Scan the data. Collect each line that contains the word "designed".

(Records from a data source)
——————

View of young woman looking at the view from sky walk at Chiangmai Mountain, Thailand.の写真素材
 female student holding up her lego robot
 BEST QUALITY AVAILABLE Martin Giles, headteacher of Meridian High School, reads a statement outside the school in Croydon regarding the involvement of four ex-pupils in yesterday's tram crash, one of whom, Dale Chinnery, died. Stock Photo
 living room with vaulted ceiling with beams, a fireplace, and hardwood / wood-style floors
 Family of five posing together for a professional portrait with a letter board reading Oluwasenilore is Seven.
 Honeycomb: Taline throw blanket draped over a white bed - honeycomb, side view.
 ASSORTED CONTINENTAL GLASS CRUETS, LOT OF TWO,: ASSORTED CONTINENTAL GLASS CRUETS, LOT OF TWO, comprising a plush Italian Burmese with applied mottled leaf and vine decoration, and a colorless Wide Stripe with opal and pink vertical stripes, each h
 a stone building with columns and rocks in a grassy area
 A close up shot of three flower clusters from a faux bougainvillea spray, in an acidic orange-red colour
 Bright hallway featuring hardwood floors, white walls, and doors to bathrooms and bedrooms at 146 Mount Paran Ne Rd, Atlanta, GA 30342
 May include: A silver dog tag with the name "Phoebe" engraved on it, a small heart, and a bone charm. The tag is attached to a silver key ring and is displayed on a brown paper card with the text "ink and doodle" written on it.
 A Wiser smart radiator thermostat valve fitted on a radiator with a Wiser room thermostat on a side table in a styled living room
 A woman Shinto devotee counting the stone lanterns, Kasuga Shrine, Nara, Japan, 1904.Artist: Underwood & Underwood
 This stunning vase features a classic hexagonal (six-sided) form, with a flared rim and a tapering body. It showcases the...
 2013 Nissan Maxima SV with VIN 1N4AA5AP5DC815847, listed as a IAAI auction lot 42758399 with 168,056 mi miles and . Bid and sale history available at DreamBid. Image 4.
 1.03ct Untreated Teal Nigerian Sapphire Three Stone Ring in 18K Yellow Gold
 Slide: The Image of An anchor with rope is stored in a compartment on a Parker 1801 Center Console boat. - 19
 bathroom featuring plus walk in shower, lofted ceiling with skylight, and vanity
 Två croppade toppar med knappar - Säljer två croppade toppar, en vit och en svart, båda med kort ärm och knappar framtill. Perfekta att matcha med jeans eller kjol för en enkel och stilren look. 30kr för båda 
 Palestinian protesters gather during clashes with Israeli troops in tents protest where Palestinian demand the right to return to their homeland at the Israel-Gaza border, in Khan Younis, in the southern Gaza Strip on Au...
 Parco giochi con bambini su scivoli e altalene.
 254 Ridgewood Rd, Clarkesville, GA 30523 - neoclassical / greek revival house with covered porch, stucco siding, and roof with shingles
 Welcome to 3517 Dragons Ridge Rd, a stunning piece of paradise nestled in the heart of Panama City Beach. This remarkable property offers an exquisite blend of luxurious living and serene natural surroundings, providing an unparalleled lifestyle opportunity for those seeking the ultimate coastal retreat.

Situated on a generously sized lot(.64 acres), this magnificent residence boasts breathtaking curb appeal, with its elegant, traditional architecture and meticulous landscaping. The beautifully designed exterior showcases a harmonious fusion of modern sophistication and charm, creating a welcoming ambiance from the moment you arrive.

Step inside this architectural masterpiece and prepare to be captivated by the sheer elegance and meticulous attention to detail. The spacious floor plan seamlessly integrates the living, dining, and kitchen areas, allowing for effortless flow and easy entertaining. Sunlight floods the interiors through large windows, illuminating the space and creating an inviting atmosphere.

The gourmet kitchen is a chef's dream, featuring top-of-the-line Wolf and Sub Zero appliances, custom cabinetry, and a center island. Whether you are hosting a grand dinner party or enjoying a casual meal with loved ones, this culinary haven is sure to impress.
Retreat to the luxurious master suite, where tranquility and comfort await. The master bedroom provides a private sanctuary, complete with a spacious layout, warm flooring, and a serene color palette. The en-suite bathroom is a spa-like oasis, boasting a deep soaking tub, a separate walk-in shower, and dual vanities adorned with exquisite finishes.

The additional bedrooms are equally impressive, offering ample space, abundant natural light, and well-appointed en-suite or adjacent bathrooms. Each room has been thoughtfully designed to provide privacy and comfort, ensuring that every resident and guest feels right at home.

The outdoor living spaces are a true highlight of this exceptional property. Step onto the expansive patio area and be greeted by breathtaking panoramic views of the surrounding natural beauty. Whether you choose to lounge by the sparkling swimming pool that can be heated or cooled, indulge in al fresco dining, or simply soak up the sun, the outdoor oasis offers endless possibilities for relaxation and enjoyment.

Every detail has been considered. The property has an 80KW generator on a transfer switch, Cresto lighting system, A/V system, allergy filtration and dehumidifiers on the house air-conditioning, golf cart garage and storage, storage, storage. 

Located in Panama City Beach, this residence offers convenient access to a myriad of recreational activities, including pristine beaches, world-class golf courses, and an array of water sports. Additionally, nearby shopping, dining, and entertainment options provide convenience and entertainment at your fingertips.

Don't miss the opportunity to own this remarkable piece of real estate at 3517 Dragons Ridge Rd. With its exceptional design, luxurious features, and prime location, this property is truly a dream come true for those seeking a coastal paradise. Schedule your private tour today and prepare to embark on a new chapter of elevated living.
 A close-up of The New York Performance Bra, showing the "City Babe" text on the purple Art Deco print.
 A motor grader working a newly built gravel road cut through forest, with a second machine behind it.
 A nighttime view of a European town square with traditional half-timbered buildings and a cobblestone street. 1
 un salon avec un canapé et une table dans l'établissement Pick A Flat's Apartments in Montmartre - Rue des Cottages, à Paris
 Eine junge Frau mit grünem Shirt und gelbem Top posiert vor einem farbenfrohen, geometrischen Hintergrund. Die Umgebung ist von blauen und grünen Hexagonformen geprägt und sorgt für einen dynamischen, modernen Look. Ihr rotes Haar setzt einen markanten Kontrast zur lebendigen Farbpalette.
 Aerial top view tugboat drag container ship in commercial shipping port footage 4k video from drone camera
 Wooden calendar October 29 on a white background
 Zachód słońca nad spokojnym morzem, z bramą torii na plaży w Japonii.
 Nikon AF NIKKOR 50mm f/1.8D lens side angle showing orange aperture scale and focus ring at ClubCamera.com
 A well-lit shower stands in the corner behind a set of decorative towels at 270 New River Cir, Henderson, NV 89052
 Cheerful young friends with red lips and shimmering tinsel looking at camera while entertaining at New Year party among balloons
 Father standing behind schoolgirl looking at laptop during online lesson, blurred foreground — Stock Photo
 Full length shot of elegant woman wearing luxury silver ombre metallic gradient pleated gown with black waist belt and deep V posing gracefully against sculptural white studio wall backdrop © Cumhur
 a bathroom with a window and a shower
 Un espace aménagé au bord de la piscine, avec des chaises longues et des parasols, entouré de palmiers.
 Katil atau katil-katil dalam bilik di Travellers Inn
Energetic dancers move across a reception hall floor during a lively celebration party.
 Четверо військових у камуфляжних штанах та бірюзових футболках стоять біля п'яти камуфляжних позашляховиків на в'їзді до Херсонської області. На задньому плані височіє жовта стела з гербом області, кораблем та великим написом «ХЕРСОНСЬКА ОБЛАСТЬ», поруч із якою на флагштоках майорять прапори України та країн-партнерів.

——————

--- SOLUTION FOR THIS PROBLEM ---
Situated on a generously sized lot(.64 acres), this magnificent residence boasts breathtaking curb appeal, with its elegant, traditional architecture and meticulous landscaping. The beautifully designed exterior showcases a harmonious fusion of modern sophistication and charm, creating a welcoming ambiance from the moment you arrive.
The additional bedrooms are equally impressive, offering ample space, abundant natural light, and well-appointed en-suite or adjacent bathrooms. Each room has been thoughtfully designed to provide privacy and comfort, ensuring that every resident and guest feels right at home.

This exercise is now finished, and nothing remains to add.